2021-08 - Plans & Hopes for Clojure Data Science

Since the beginning of 2021, we’ve had a habit of a monthly thread where people could share their hopes for the emerging data science ecosystem. The place for those threads has been the Clojurians Zulip. We decided to move that to Clojureverse. There are many new friends getting involved, and it seems important to have this dialogue in a more visible place.

Through periodical updates, we may help each other catch up and think about the bigger picture, and the way our efforts may tie together. It’s also a good way for each of us to remind ourselves individually of what we have done, and what we would like to do in the near future.

It would be great if you all would consider the following questions and briefly mention your views towards them. Please skip anything that you find irrelevant. Keep in mind, these are only prompts to get you thinking.

  • Are you working on anything related to the Clojure ecosystem for data science / scientific computing / data tooling / data engineering? Let us know about it.
  • Have you been doing anything interesting in the last month?
  • Is there any new realization or change in your hopes and beliefs about the ecosystem’s future?
  • What are you hoping to create/learn/explore in the coming month? … and in the coming 3 months?
  • What developments are you hoping to see in the ecosystem and community in the coming month? … and in the coming 3 months?

Also: if you are interested to see what you or others have written in the past few months here are some links to the previous threads:

Looking forward to hearing about what everyone has been up to and hopes to be up to!

:pray:

6 Likes

Are you working on anything related to the Clojure ecosystem for data science / scientific computing / data tooling / data engineering?
I’ve been much slower than I wanted/anticipated but I’m still working on creating a module for GitHub - sicmutils/sicmutils: Scmutils in Clojure that deals with quantum algebra. If I can get it off the ground then I would like to develop it into a serious framework for working with quantum physics.

Have you been doing anything interesting in the last month?
Related to clojure, I’m now fairly deep into developing a language-learning app that helps you to learn from real-world video and subtitle content. I’m considering the possibility of setting up a small side-company around it, so if anyone’s interested in joining then please get in touch :).

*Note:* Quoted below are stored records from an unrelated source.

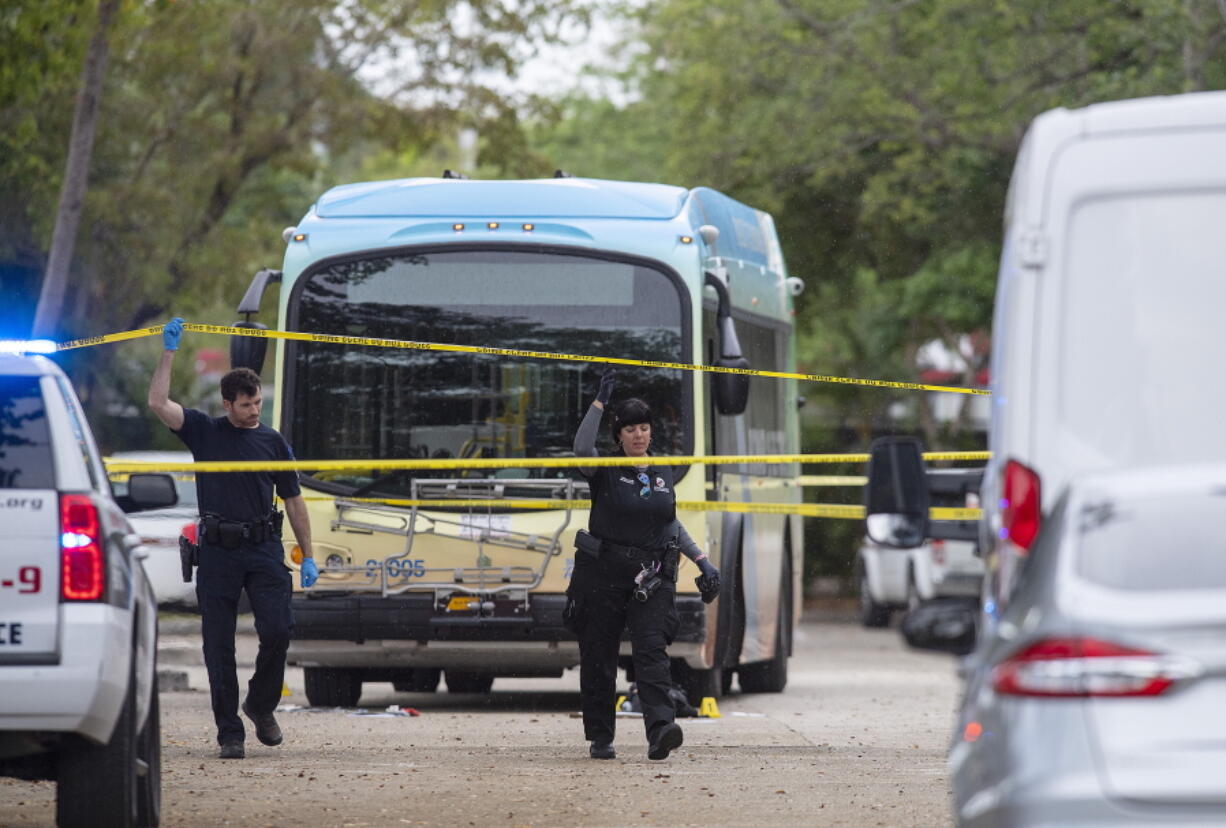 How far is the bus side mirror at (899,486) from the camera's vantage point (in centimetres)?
734

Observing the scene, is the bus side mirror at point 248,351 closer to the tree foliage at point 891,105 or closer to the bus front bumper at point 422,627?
the bus front bumper at point 422,627

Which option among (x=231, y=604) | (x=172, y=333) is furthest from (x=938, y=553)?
(x=172, y=333)

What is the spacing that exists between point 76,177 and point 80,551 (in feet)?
39.9

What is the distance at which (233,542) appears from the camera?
36.9 feet

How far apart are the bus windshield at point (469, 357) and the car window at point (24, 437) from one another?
641 centimetres

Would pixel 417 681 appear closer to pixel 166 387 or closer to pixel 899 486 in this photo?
pixel 166 387

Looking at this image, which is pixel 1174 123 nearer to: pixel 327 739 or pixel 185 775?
pixel 185 775

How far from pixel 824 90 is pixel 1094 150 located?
23.1m

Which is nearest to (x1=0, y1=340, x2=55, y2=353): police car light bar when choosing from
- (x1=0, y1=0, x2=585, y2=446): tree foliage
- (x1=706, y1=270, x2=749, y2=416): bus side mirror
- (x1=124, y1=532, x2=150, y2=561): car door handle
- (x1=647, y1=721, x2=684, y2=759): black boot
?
(x1=124, y1=532, x2=150, y2=561): car door handle

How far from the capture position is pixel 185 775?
34.2 feet

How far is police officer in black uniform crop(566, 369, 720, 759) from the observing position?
11.2m

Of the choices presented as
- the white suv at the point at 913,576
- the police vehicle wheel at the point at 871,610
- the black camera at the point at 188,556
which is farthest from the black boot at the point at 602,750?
the police vehicle wheel at the point at 871,610

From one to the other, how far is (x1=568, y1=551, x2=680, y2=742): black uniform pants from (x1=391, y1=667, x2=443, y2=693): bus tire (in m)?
4.54

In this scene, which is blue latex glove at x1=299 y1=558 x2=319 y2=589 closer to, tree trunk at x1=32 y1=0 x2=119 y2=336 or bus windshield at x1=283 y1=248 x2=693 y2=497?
bus windshield at x1=283 y1=248 x2=693 y2=497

What are you hoping to create/learn/explore in the coming month? … and in the coming 3 months?
Related to the above, I’m trying to learn as much as possible about clojure web development in my spare time.

What developments are you hoping to see in the ecosystem and community in the coming 3 months?
I’m excited by the prospect of real-world examples and tutorials for learning clojure data science tools. I’m particularly hoping that this will eventually draw a critical mass of people that will push clojure more towards the spotlight.

4 Likes
  • related work - video encode/decode for clojure, graal native and further work on tmd and tmdjs.
  • anything interesting? - tmdjs and decoding video. I played with tensorflow-js a short bit and got some face detection models working which was pretty fun.
  • Any realizations/hopes - Not so much, just watching the wheels of community involvement turn. The consistent effort from Daniel and others building the ecosystem and community in a careful, documented way is and will continue to be the biggest shining star for me. Also having people ask questions on zulip about some mathematical subject and having @generateme answer them quickly with fastmath functions is great. We are now at the point where there is a fairly substantial base foundation to build upon.
  • Exciting prospects in coming months - I would like to see/hear about some nontrivial deployments of tmdjs. In a more general sense John of Practicalli fame has been working closer with scicloj and that seems like it may result in some great content.
7 Likes

Quick and dirty status: organizing further tablecloth (TC) development. We plan to work on bringing dtype-next (columnar) operations to work similar to the rest of TC api + we want to compare TC with Pandas to find gaps.
I also revisit inferme, Baysian Inference library I wrote some time ago.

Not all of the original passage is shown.